Mass spectrometry is an important technique for the identification of pure compounds. However, it has some limitations for the analysis of complex mixtures, often due to excessive fragmentation making the spectrum too complicated to decipher. Mass spectrometry can be combined with suitable separation methods in sequence, forming hyphenated methods, which are useful in the analysis of complex mixtures.

GC–MS is a powerful hyphenated method commonly used in forensics and environmental laboratories for precise analysis of mixtures. Gas chromatography uses narrow capillary columns to separate components of a thermally stable volatile mixture and passes them to the mass spectrometer for analysis.

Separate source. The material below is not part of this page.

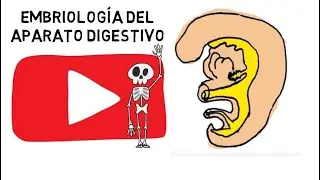 ✅ Embriología del Aparato Digestivo (video con audio mejorado en descripción del video)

LC–MS is another hyphenated method that couples liquid chromatography with a mass spectrometer to analyze nonvolatile mixtures. To make liquid chromatography compatible with a mass spectrometer, suitable pressure-maintaining ionization interfaces or atmospheric-pressure ionization techniques like electrospray ionization, which is applicable for polar and ionic compounds, or atmospheric-pressure chemical ionization, which applies to less polar molecules, are used.

Another hybrid method, called tandem mass spectroscopy, uses multiple mass analyzers in sequence. Compared to other hyphenated methods, tandem spectroscopy is faster, more sensitive, and more selective due to smaller chemical noise. Tandem spectroscopy can be further combined with separation techniques to form GC–MS/MS or LC–MS/MS for more complex mixture analysis.

Capillary electrophoresis–mass spectrometry is a very sensitive technique commonly used to analyze large biomolecules like DNA, proteins, and polypeptides. This method feeds quadrupole mass analyzers with capillary effluents after passing through an electrospray ionization interface.